If I seem to be stressing too much the emphasis continually placed on the theme that misuse of amphetamines was causing large numbers of accidents on the highways, and particularly among truckers, bear with me; I am doing so because that theme has a final note which is remarkably revealing. In his message to Congress on consumer protection in 1962 President Kennedy said:

One problem meriting special attention deals with the growing abuse of non-narcotic drugs, including barbiturates and amphetamines. Society's gains will be illusory if we reduce the incidence of one kind of drug dependence, only to have new kinds of drugs substituted. The use of these drugs is increasing problems of abnormal and social behavior, highway accidents, juvenile delinquency, and broken homes. [Italics added.]

This set the tone of the White House Conference ( and if the wording seems vaguely familiar, look back to page 235 where I quoted the President's opening statement to that gathering). The conference, as we have already seen, gave much play to dangerous drugs, and resulted in the report by the President's Advisory Commission ( November 1963) calling for new repressive legislation.

Meanwhile, Larrick kept publicizing the heroic efforts of his inspectors against allegedly organized gangs of criminals who specialized in distributing amphetamine tablets to truckers through sinister networks of roadside stops along the nation's highways. The entertainment media commenced featuring episodes portraying a lunch-wagon cook rolling pills across a counter to some burly driver, whereupon the scene fades to a spectacular highway accident, the smoking wreckage of at least one monster truck, ambulances, flares, crowds, police, and trumpet flourishes.

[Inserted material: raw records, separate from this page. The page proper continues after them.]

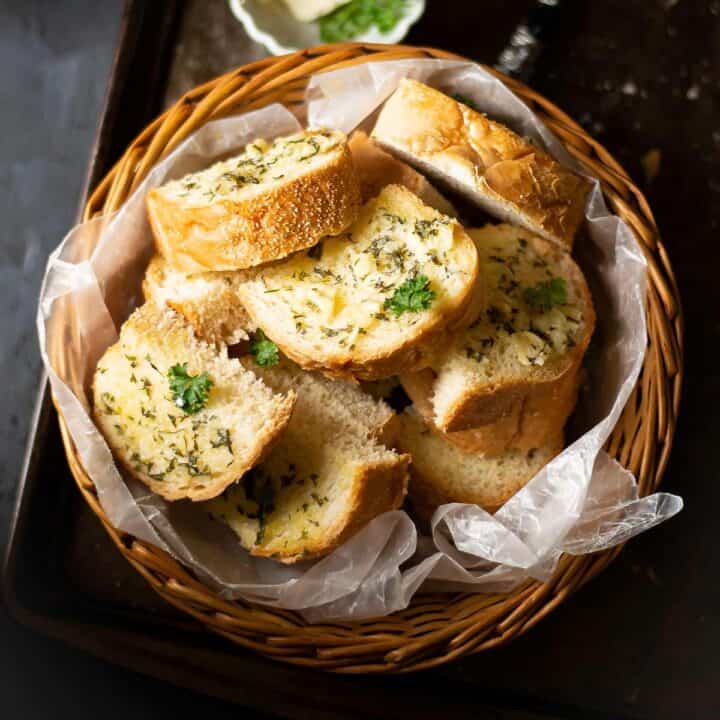 spicy garlic bread placed in a basket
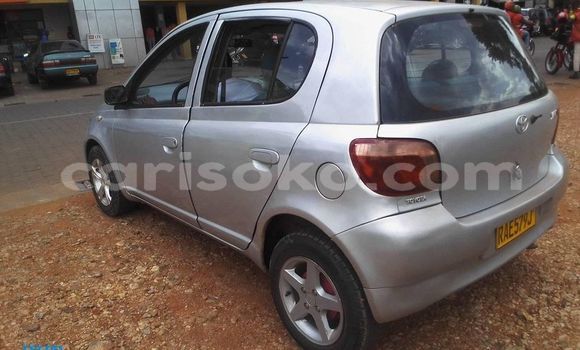 Sayi Na hannu Toyota Yaris Gris Mota in Kigali a Rwanda Sayi Na hannu Toyota Yaris Gris Mota in Kigali a Rwanda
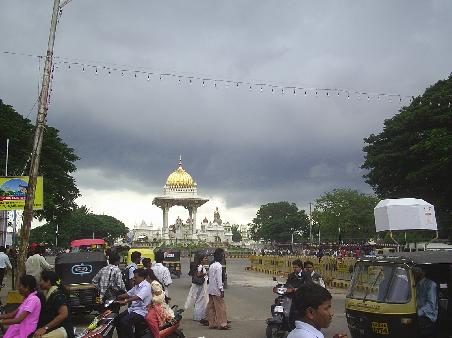 Der Palast in Mysore vor wunderbarem Wetter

By 1964, the gangbuster aspects of controlling these new categories had received so much emphasis that Senator Dodd revised and reintroduced his bill with new provisions authorizing FDA inspectors to carry guns, make arrests, and seize contraband drugs forthwith. The measure, ambitiously titled Psycho-toxic Drug Control Act of 1964, recited as congressional findings that illicit traffic was resulting in extensive sales of drugs to juveniles, who were thereupon led into delinquency and crime, and "to experiment with narcotic drugs, which experimentation may result in narcotic addiction," and further that the use of such drugs "often endangers safety on the highway." The Dodd bill was a hybrid, in that it imposed a pattern of controls similar to that of the Harrison Act, but did so under the federal interstate commerce powers and left administration and enforcement to the Food and Drug Administration. The Secretary of Health, Education, and Welfare was authorized to add new drug categories on a finding that they had potential for abuse.

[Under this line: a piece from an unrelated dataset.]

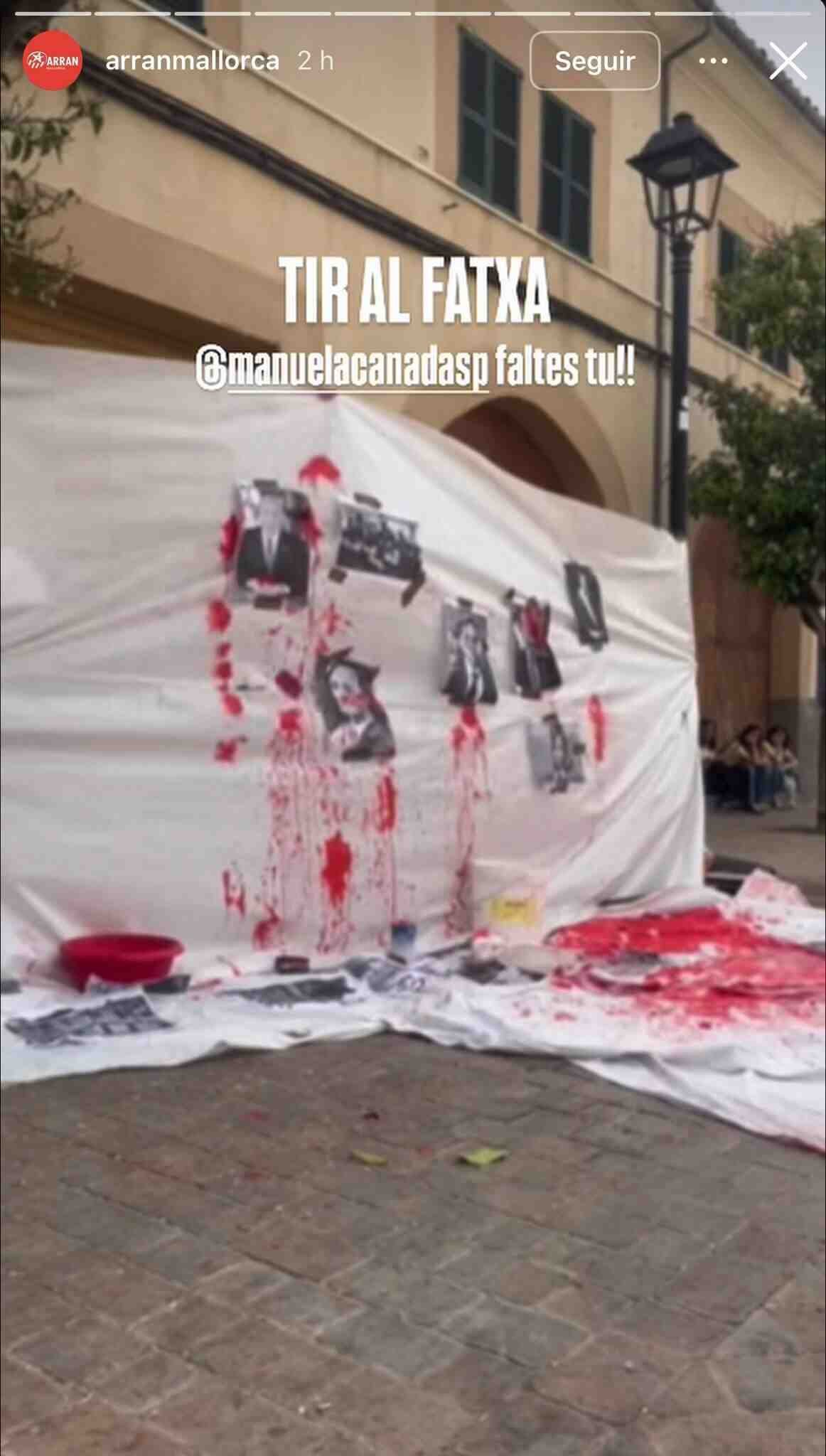 aptura de redes sociales de Arran con fotos manchadas de rojo y el lema 'Tiro al fatxa' señalando a Manuela Cañadas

President Johnson, however, displayed little enthusiasm for thus creating a new federal enforcement domain in the province of "dangerous drugs" ( where the crime-busting responsibilities of Attorney General Kennedy might be extended and enlarged). So he executed a maneuver often resorted to when the chief executive wants to take a play away from Congress and dampen a legislative proposal: in July 1964, with appropriate fanfare, he called upon all existing agencies in the executive branch to work harder at remedying the situation:

Narcotic and other drug abuse is inflicting upon parts of the country enormous damage in human suffering, crime, and economic loss through thievery. The Federal Government, being responsible for the regulation of foreign and interstate commerce, bears a major responsibility in respect to the illegal traffic in drugs and the consequences of that traffic. That responsibility is shared by several departments of the Government and by a number of divisions, bureaus, etc., within them. I now direct those units to examine into their present procedures, to bring those procedures into maximum activity, and wherever necessary to put into effect additional programs of action aimed at major corrections in the conditions caused by drug abuse. I desire the full power of the Federal Government to be brought to bear upon three objectives: (1) The destruction of the illegal traffic in drugs, (2) the prevention of drug abuse, and (3) the cure and rehabilitation of victims of this traffic.

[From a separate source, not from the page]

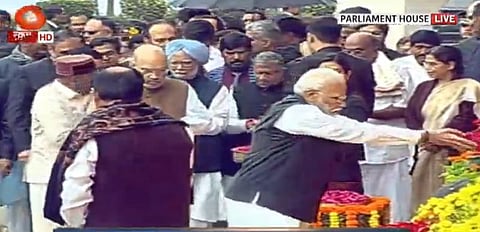 நாடாளுமன்ற தாக்குதல் நினைவு தினம்: பிரதமர் மோடி அஞ்சலி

When such a move is made from the White House, spokesmen for the administration thereupon go to Capitol Hill and urge Congress to hold off with legislation on the ground that the matter is being studied and that better coordination of executive efforts may make additional legislation unnecessary. Accordingly, although every concerned agency in the executive branch had already expressed approval of the Dodd bill, official support from that quarter now slackened. The Senate passed the bill anyway, whereupon it was stopped in the House by a lobbying campaign on behalf of the Pharmaceutical Manufacturers Association and the American Medical Association, which was such a show of strength that the measure—now also lacking administration support—would probably have been abandoned altogether without an unexpected miracle.

But the miracle was forthcoming ( surrounded by a slight mystery, enduring to this day, as to whether Larrick or someone else in Washington originally promoted it). A CBS newsman named McMullen set up a mail-drop office in New York, printed some letterheads identifying himself as "McMullen Services," and succeeded in buying, from a dozen drug manufacturers, over a million barbiturate and amphetamine tablets, valued in retail drug prices at $50,000 and of an estimated worth on the black market of as much as $500,000—at a cost to McMullen Services of $628. When CBS broke this, against the background of juvenile victims and highway crashes, public excitement seethed and members of Congress crowded forward once again to call for tighter controls and a tough new federal law.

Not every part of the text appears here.